Эти идеи получили свое выражение благодаря поставленной мной задаче описать гурджиевскую Систему так, как я ее помнил. С момента отъезда Успенского все свободное время я писал. За неделю я набрасывал главу, прочитывал ее группе и, исправлял с учетом их вопросов и комментариев. Эта работа казалась мне тем более важной, что не было никаких публикаций, касающихся Системы. Успенский говорил, что не собирается печатать свои работы, и была угроза уничтожения его рукописей. В то время я не знал, что Гурджиев потратил годы на описание собственной версии в монументальной книге «Все и вся», десятки копий которой разошлись по трем континентам.

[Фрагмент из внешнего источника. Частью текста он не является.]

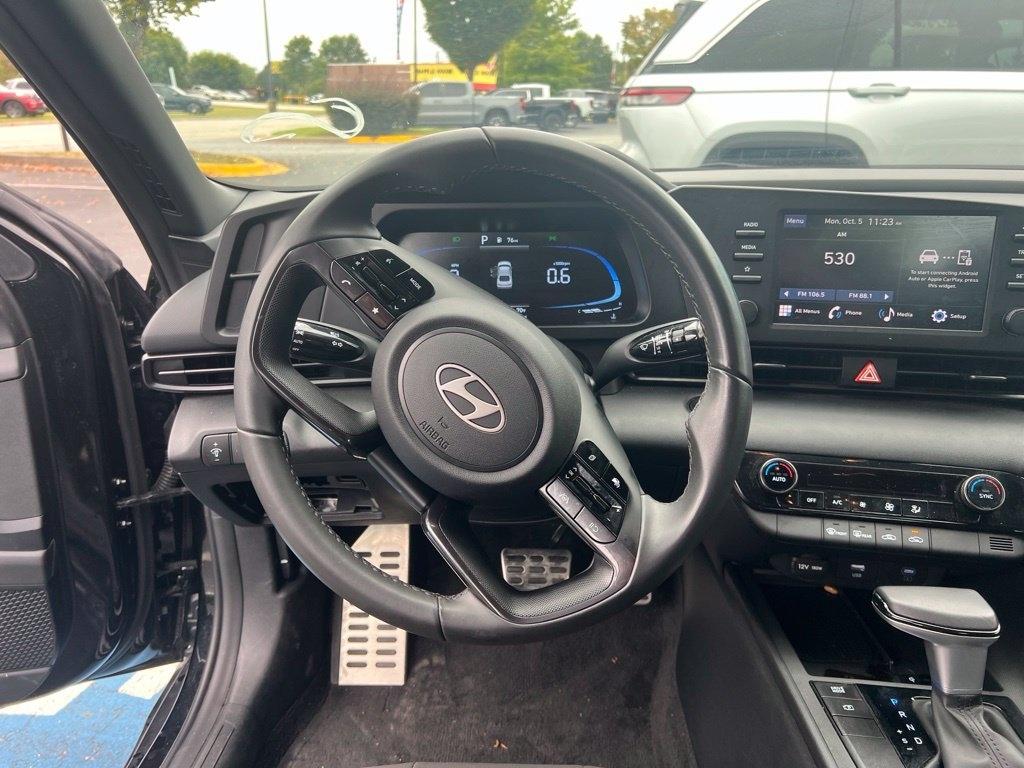 Hyundai Elantra SEL Sport IVT 2025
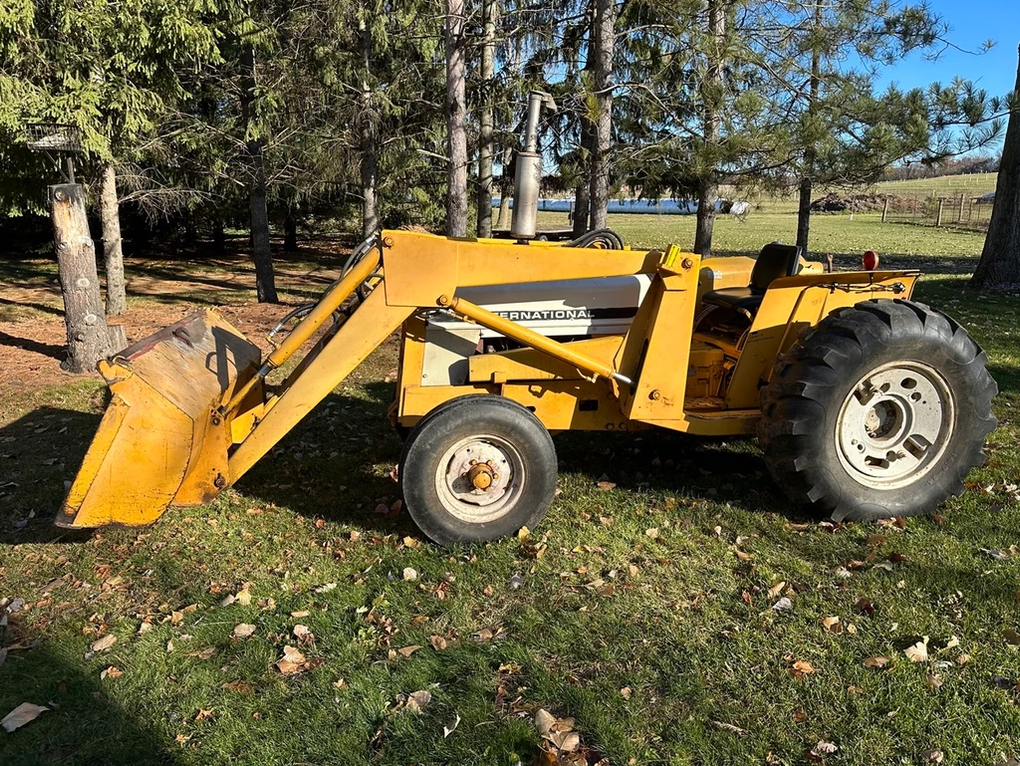 International Harvester 2410B Industrial Tractor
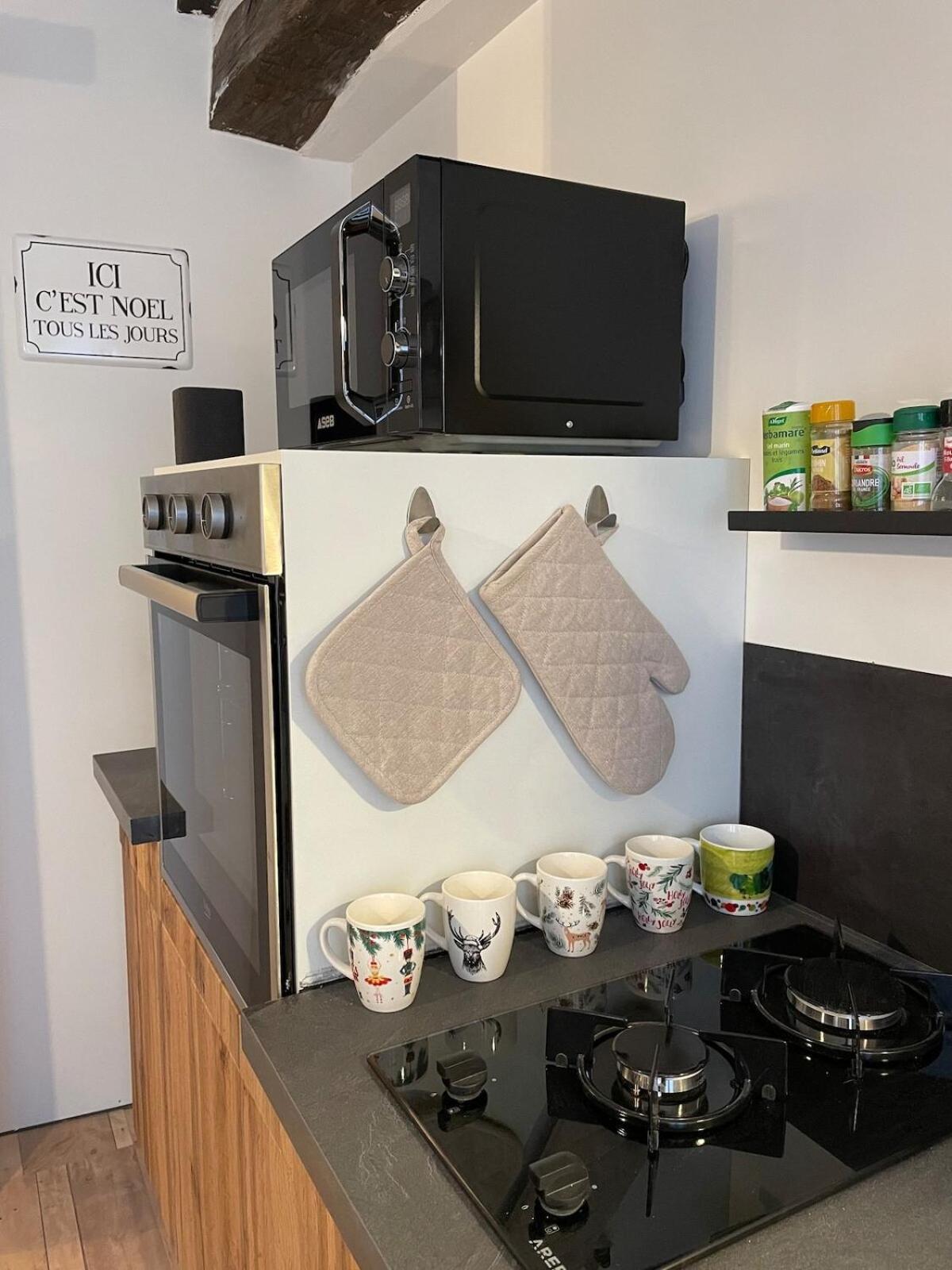 "La Petite Maison" Triplex Au Centre Ville - Les Terres Du Roy Avallon Extérieur photo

Успенский полагал невозможным систематизированное изложение гурджиевского учения, но я считал, что следует сделать одну тему центральной для придания работе структурированности и стройности. Такой темой для меня стали триады — теория о том, что все существует и случается во Вселенной благодаря совместному действию трех независимых импульсов.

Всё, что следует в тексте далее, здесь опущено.